_Raw data:_
====================

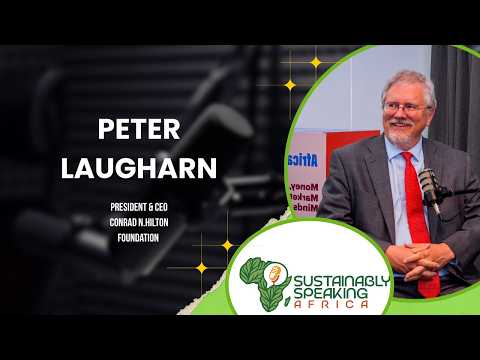 Watch Rethinking Development Finance: A Funder's Perspective | Peter Laugharn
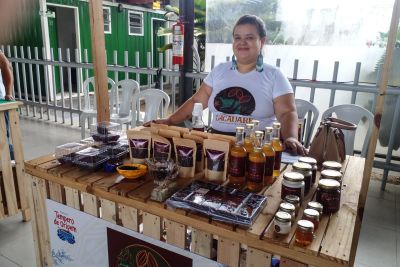 notícia: Festival fortalece cadeia produtiva da gastronomia e turismo em Icoaraci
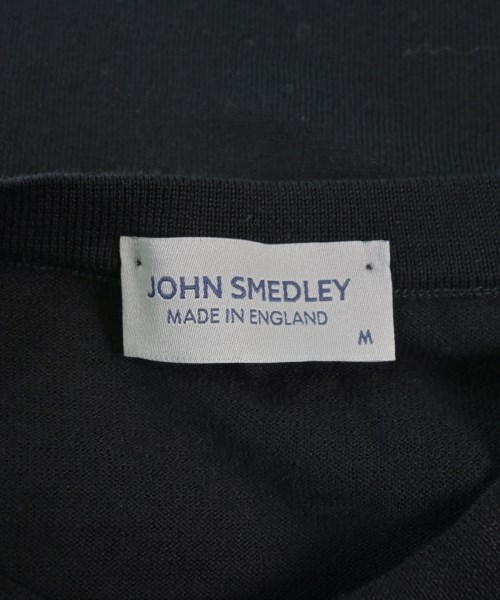 JOHN SMEDLEY（ジョンスメドレー）ニット・セーター 黒 サイズ:M レディース/2200628125330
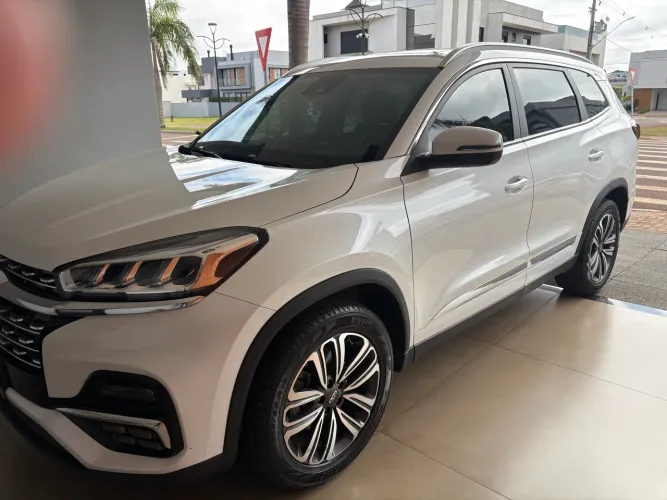 Chery Tiggo 8 MAX Drive 1.6 Turbo Aut. 2025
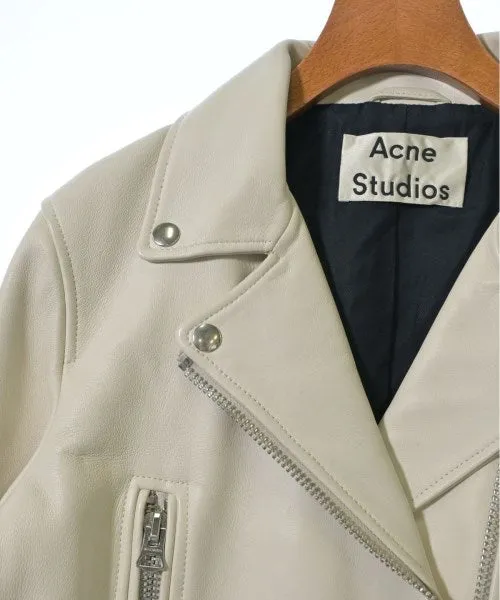 Acne Studios Motercycle Jackets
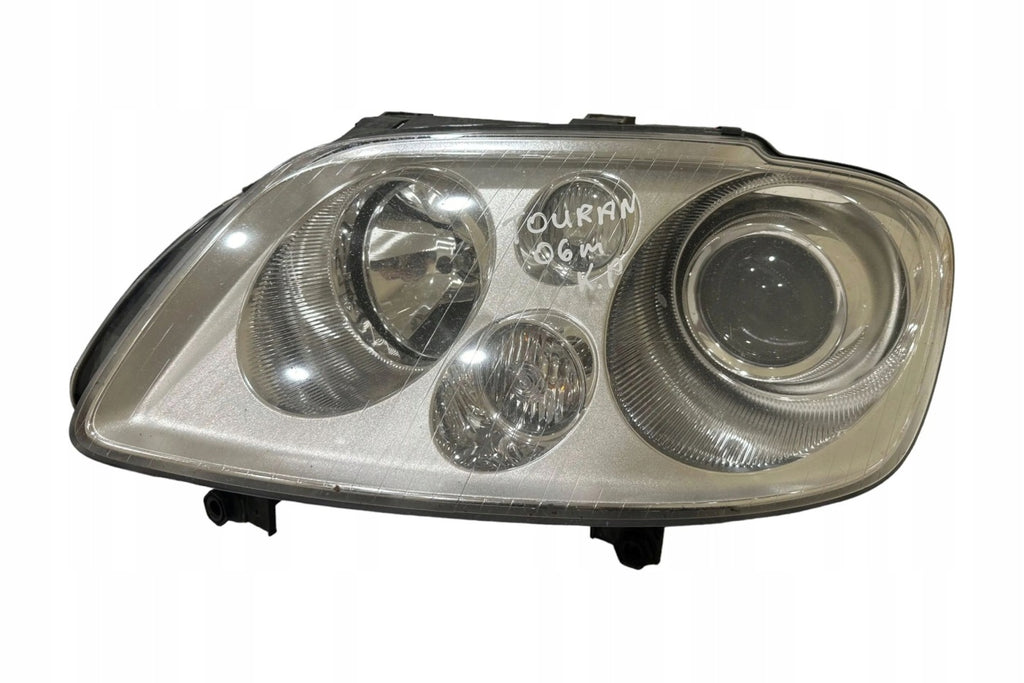 Frontscheinwerfer VW Touran 1T0941031K Links Scheinwerfer Headlight SCH4143096195oz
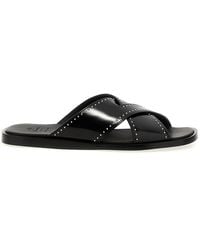 Church's - 'Oriyah Met' Sandals - Lyst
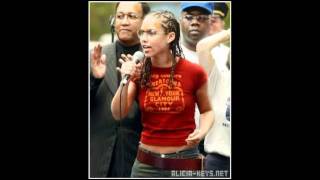Alicia Keys -Unbreakable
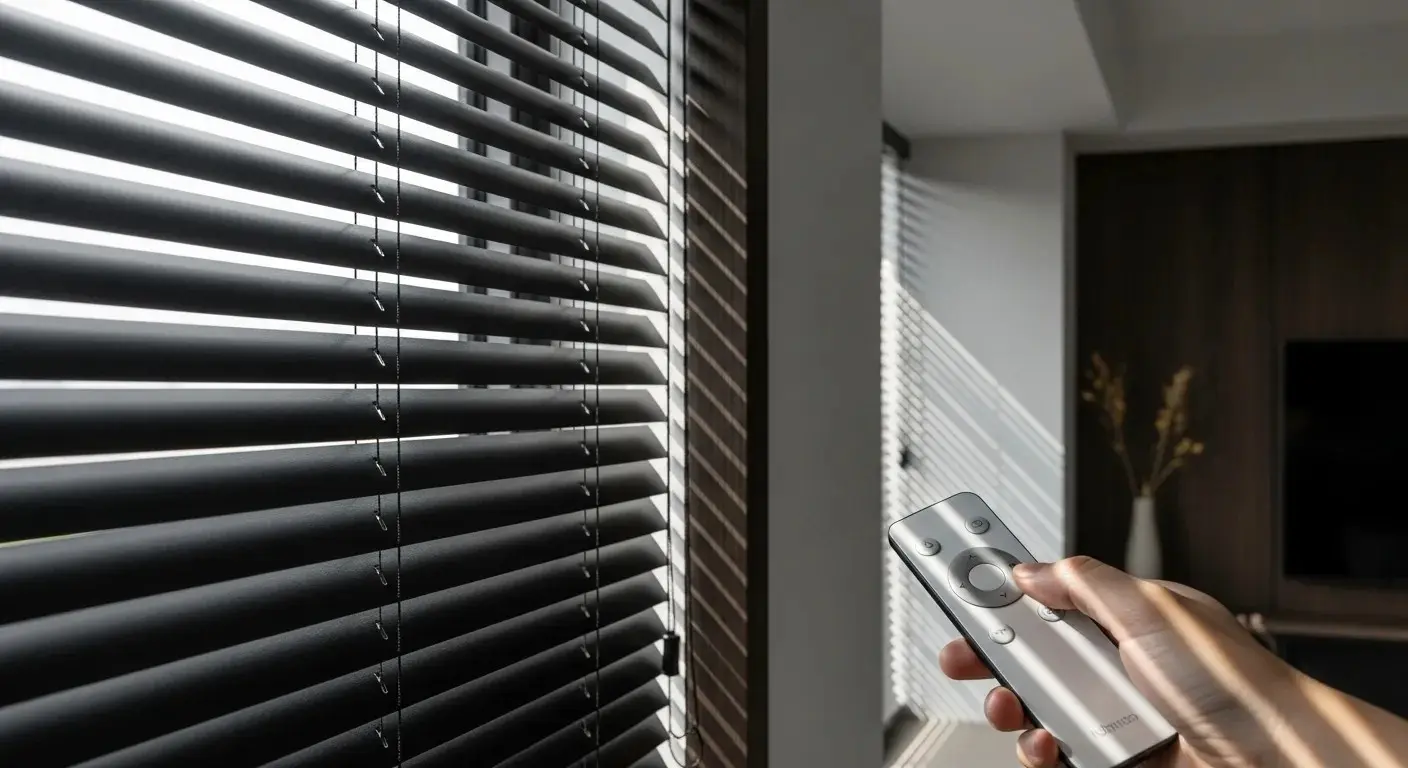 buy motorized blinds online
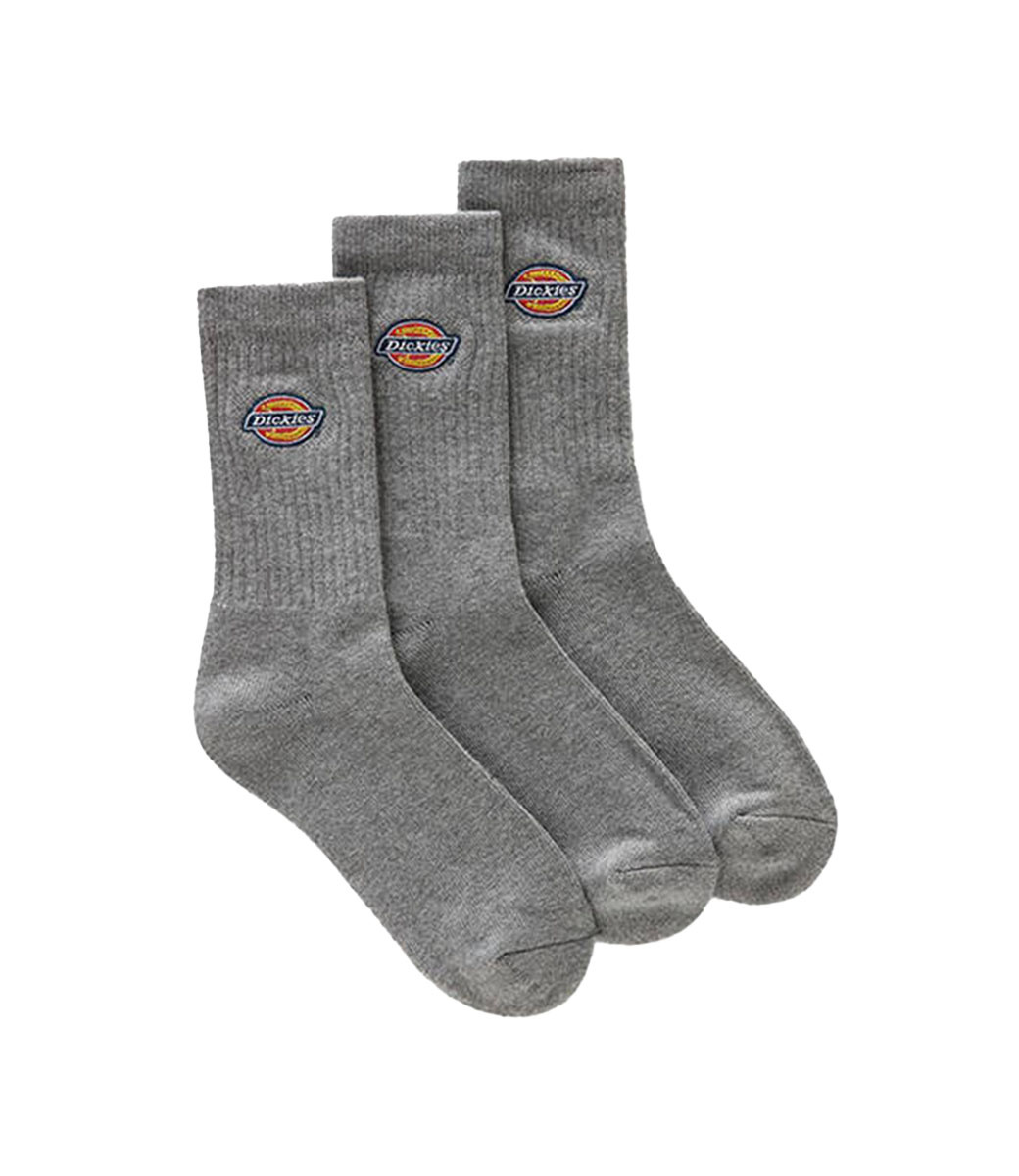 DICKIES Valley Grove Sock - Grey Melange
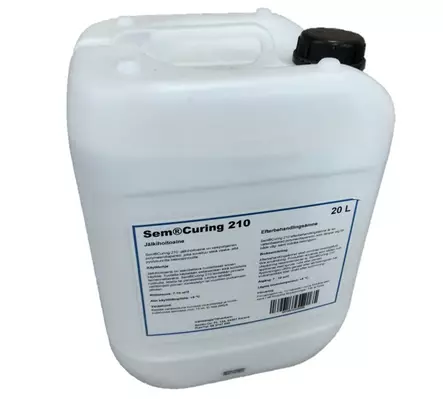 BETONIN JÄLKIHOITOAINE 20L SEMCUR - Öljyt - 87010017 - 1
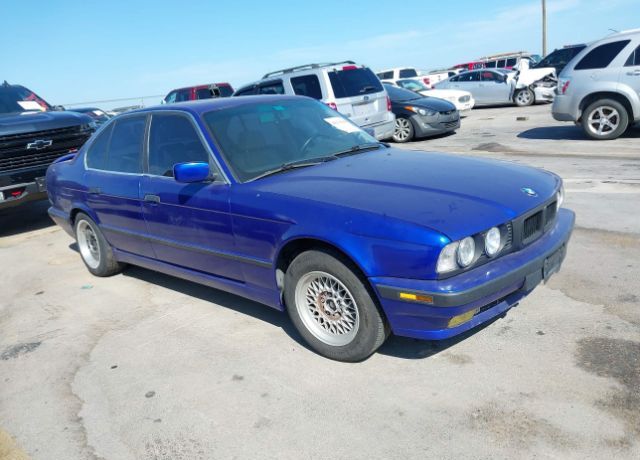 BMW 535i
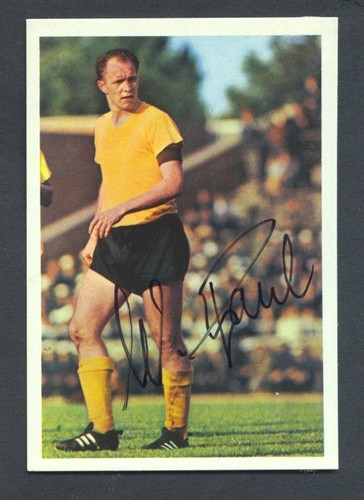 Wolfgang paul 1967 - -,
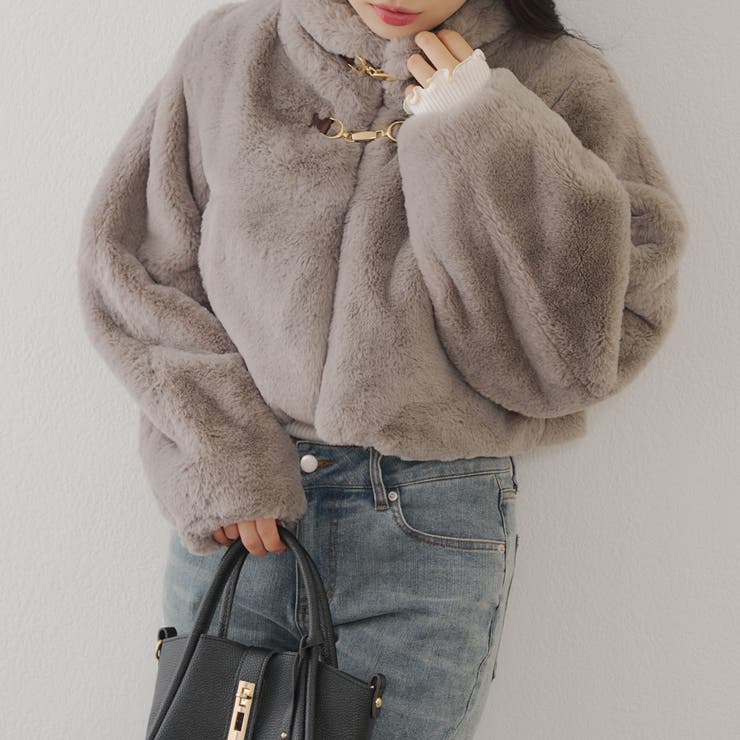 エコファービット付ジャケット | RMAF　NICE CLAUP / OLIVE des OLIVE | 詳細画像16 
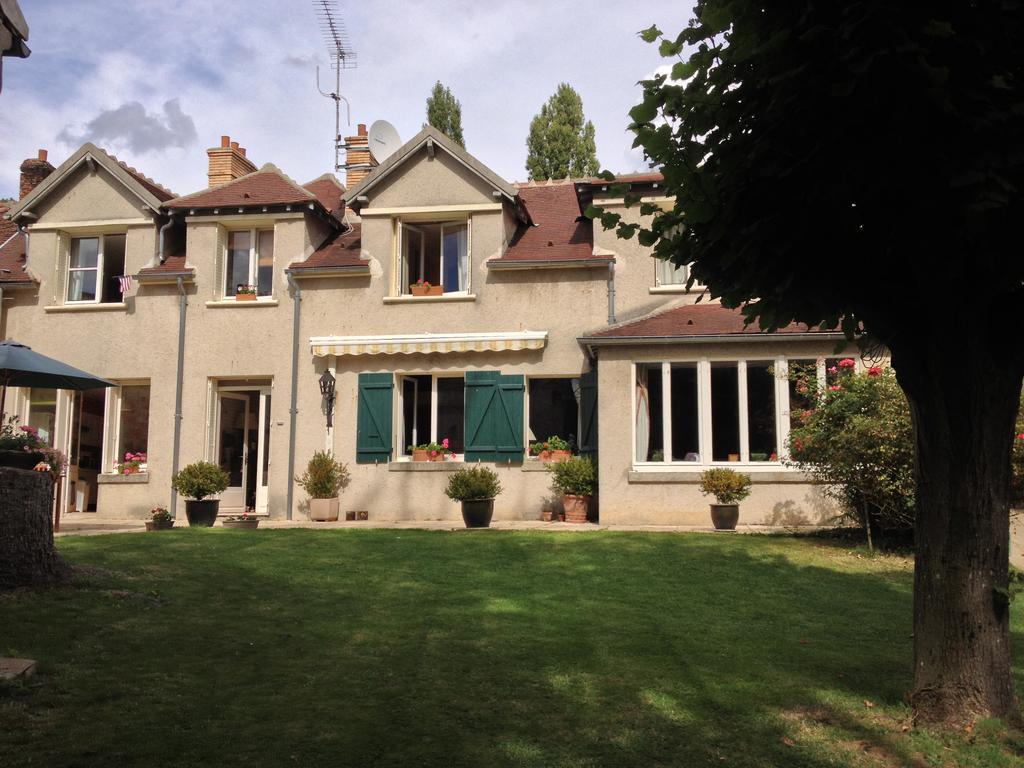 Relais De La Haute Pommeraye Apremont  Екстериор снимка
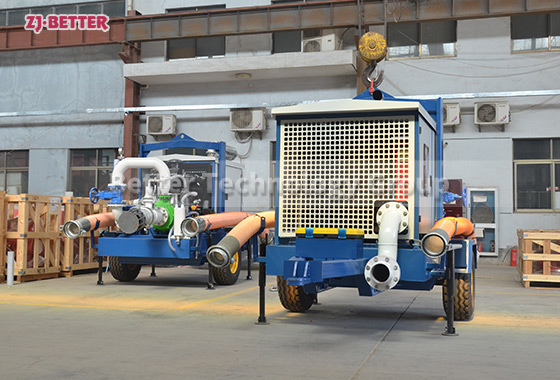 Eco-Friendly Manure Evacuation: Farm Vacuum Trucks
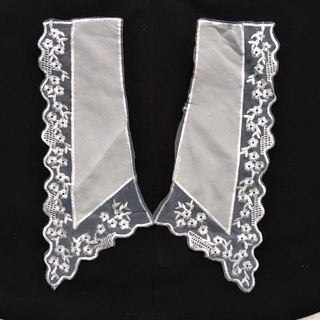 CỔ VOAN THÊU ( 2 lá 2 bên)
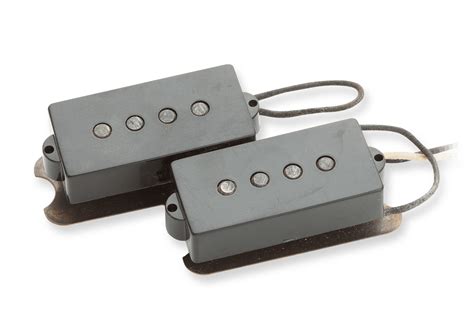 Seymour Duncan P Bass Pickups | Seymour Duncan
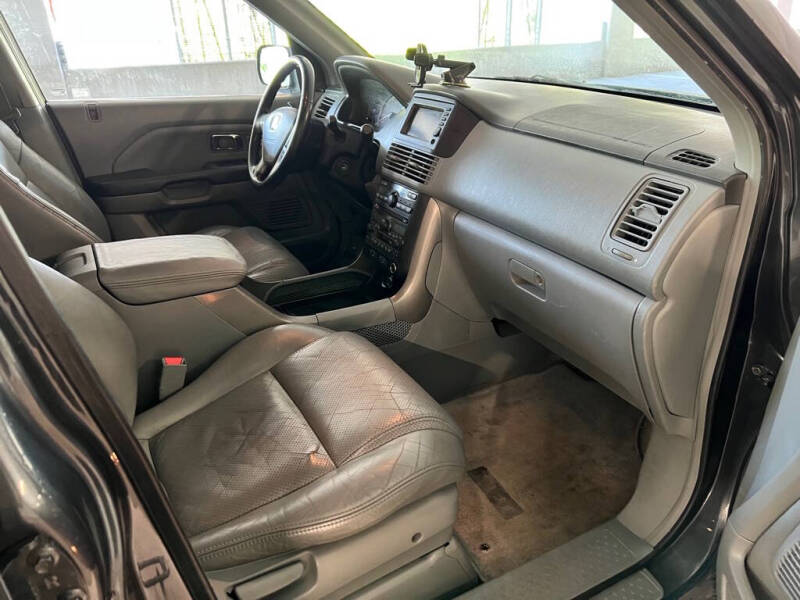2004 Honda Pilot EX-L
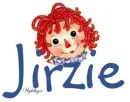 Raggedy Ann - Jirzie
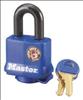 MASTER LOCK , Covered laminated steel lock 2in shackle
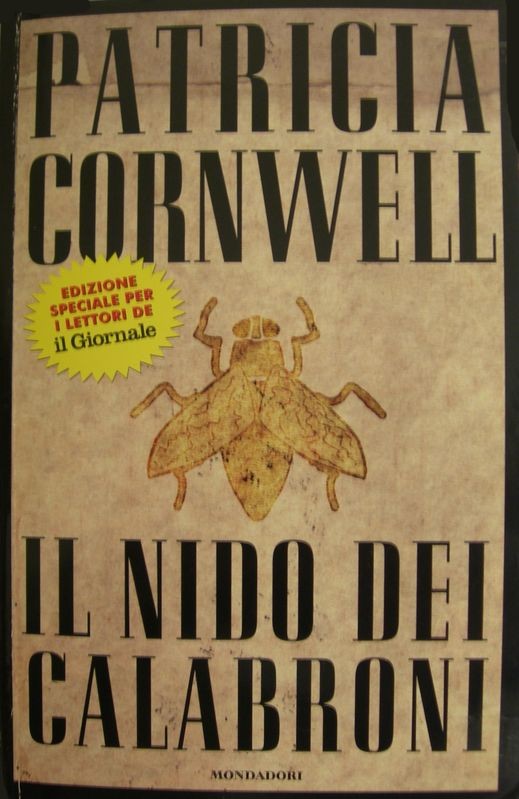 Il nido dei calabroni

====================

_What the exercise asks:_ Please write out every line of the listing above exactly, and leave the images behind.

_Task result:_
 Watch Rethinking Development Finance: A Funder's Perspective | Peter Laugharn
 notícia: Festival fortalece cadeia produtiva da gastronomia e turismo em Icoaraci
 JOHN SMEDLEY（ジョンスメドレー）ニット・セーター 黒 サイズ:M レディース/2200628125330
 Chery Tiggo 8 MAX Drive 1.6 Turbo Aut. 2025
 Acne Studios Motercycle Jackets
 Frontscheinwerfer VW Touran 1T0941031K Links Scheinwerfer Headlight SCH4143096195oz
 Church's - 'Oriyah Met' Sandals - Lyst
Alicia Keys -Unbreakable
 buy motorized blinds online
 DICKIES Valley Grove Sock - Grey Melange
 BETONIN JÄLKIHOITOAINE 20L SEMCUR - Öljyt - 87010017 - 1
 BMW 535i
 Wolfgang paul 1967 - -,
 エコファービット付ジャケット | RMAF　NICE CLAUP / OLIVE des OLIVE | 詳細画像16 
 Relais De La Haute Pommeraye Apremont  Екстериор снимка
 Eco-Friendly Manure Evacuation: Farm Vacuum Trucks
 CỔ VOAN THÊU ( 2 lá 2 bên)
 Seymour Duncan P Bass Pickups | Seymour Duncan
2004 Honda Pilot EX-L
 Raggedy Ann - Jirzie
 MASTER LOCK , Covered laminated steel lock 2in shackle
 Il nido dei calabroni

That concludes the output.